(Items from a data source)
※
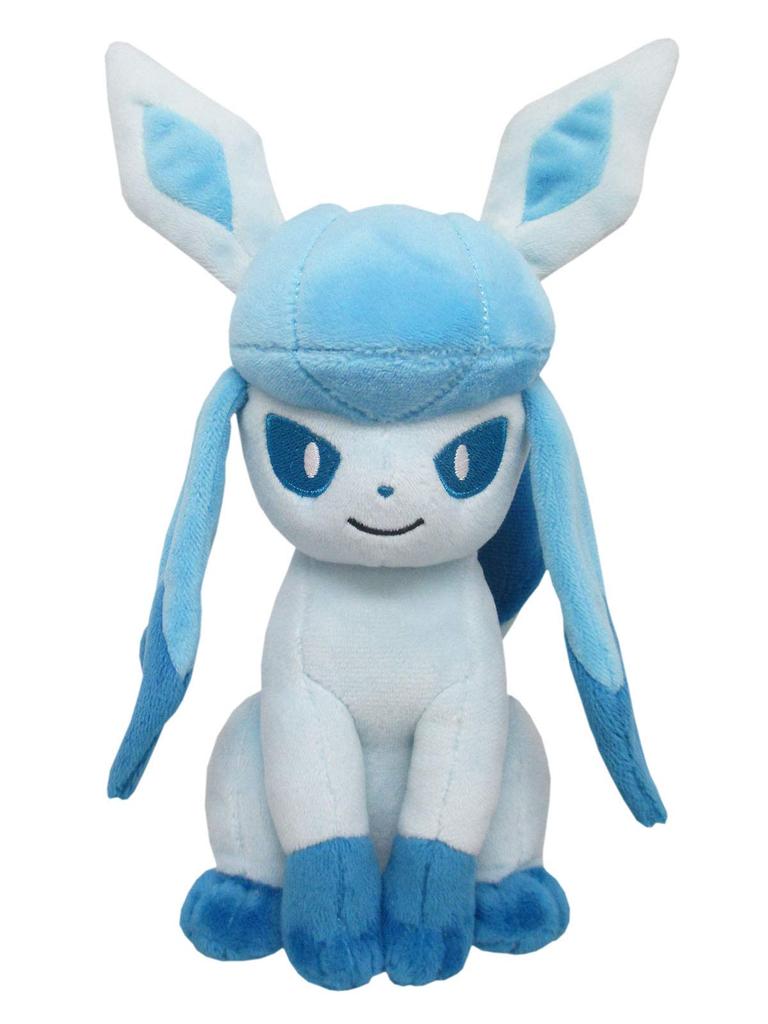 Sanei Boeki Pokemon ALL STAR COLLECTION Glaceon W11 x x H23cm Plush Toy Pokemon PP124 (S) D11.5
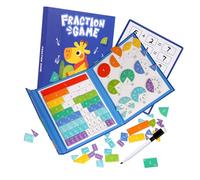 Fraction Educational Set Fraction Tiles & Fractions Circles Math Manipulatives Puzzle Game for School Math Teaching Tools for Kids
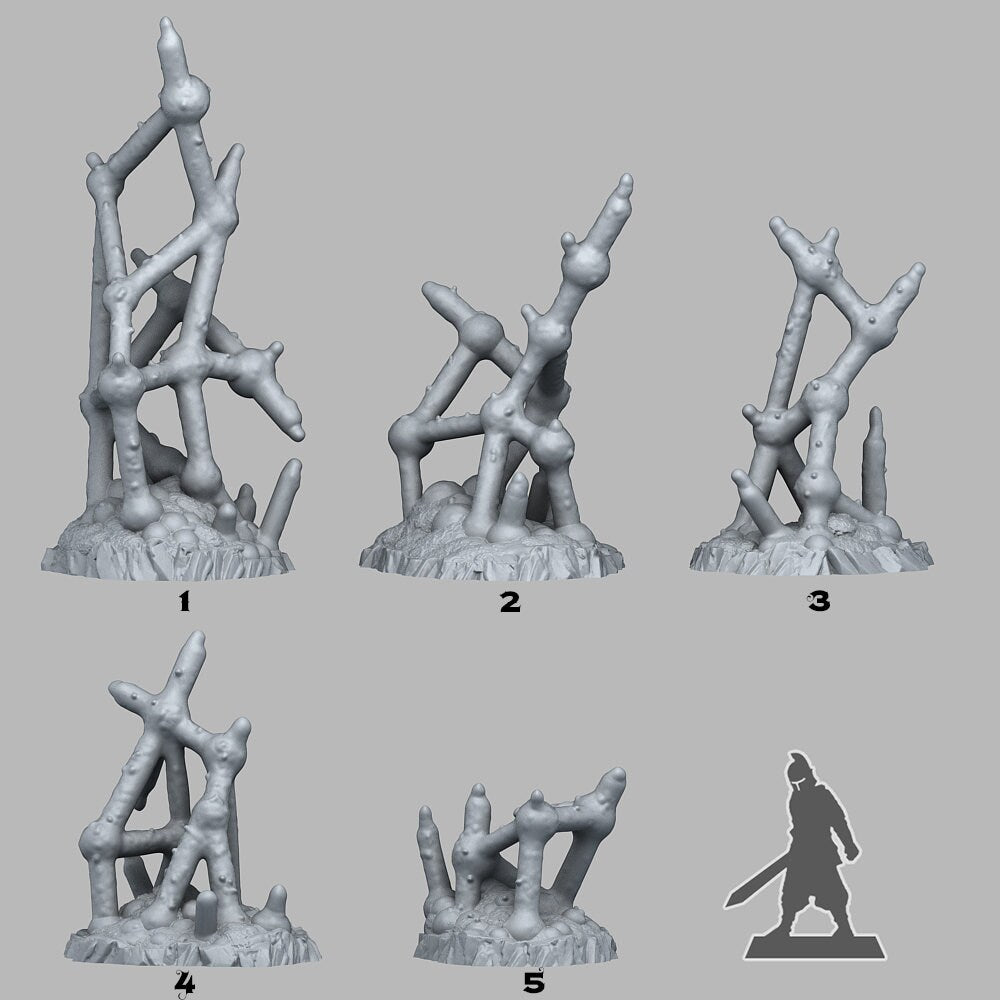 Deadly Molecule Plants Scatter Terrain - Fantastic Plants and Rocks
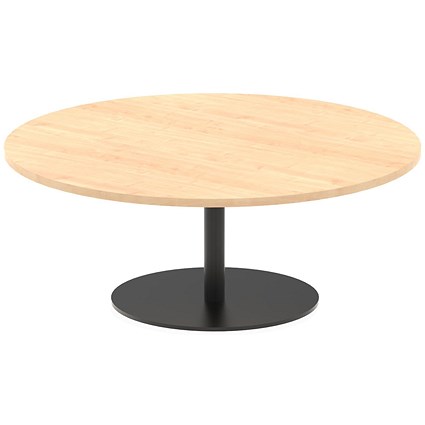 Italia Poseur Round Coffee Table, 1200mm Wide, 475mm High, Maple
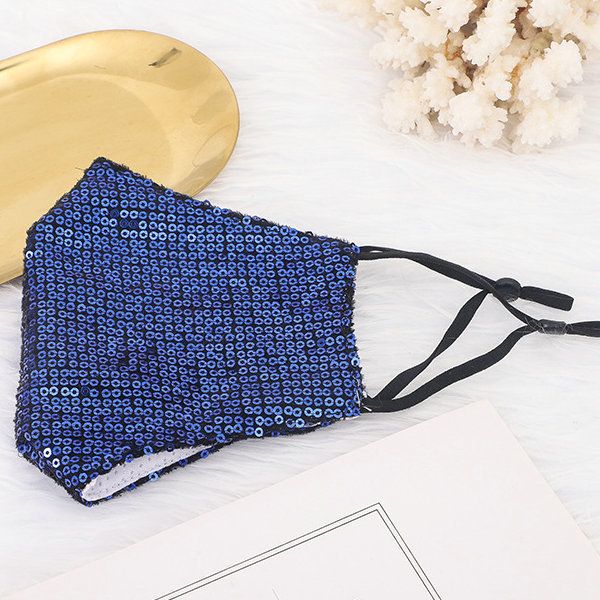 

sequin factory designer face paillette fashion blingbling luxury washable reusable masks mascarillas protective ad pbpri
※
Copy nothing but the lines from the start of the entries through the line with "Italia Poseur Round". Write them out exactly, without pictures.

 Sanei Boeki Pokemon ALL STAR COLLECTION Glaceon W11 x x H23cm Plush Toy Pokemon PP124 (S) D11.5
 Fraction Educational Set Fraction Tiles & Fractions Circles Math Manipulatives Puzzle Game for School Math Teaching Tools for Kids
 Deadly Molecule Plants Scatter Terrain - Fantastic Plants and Rocks
 Italia Poseur Round Coffee Table, 1200mm Wide, 475mm High, Maple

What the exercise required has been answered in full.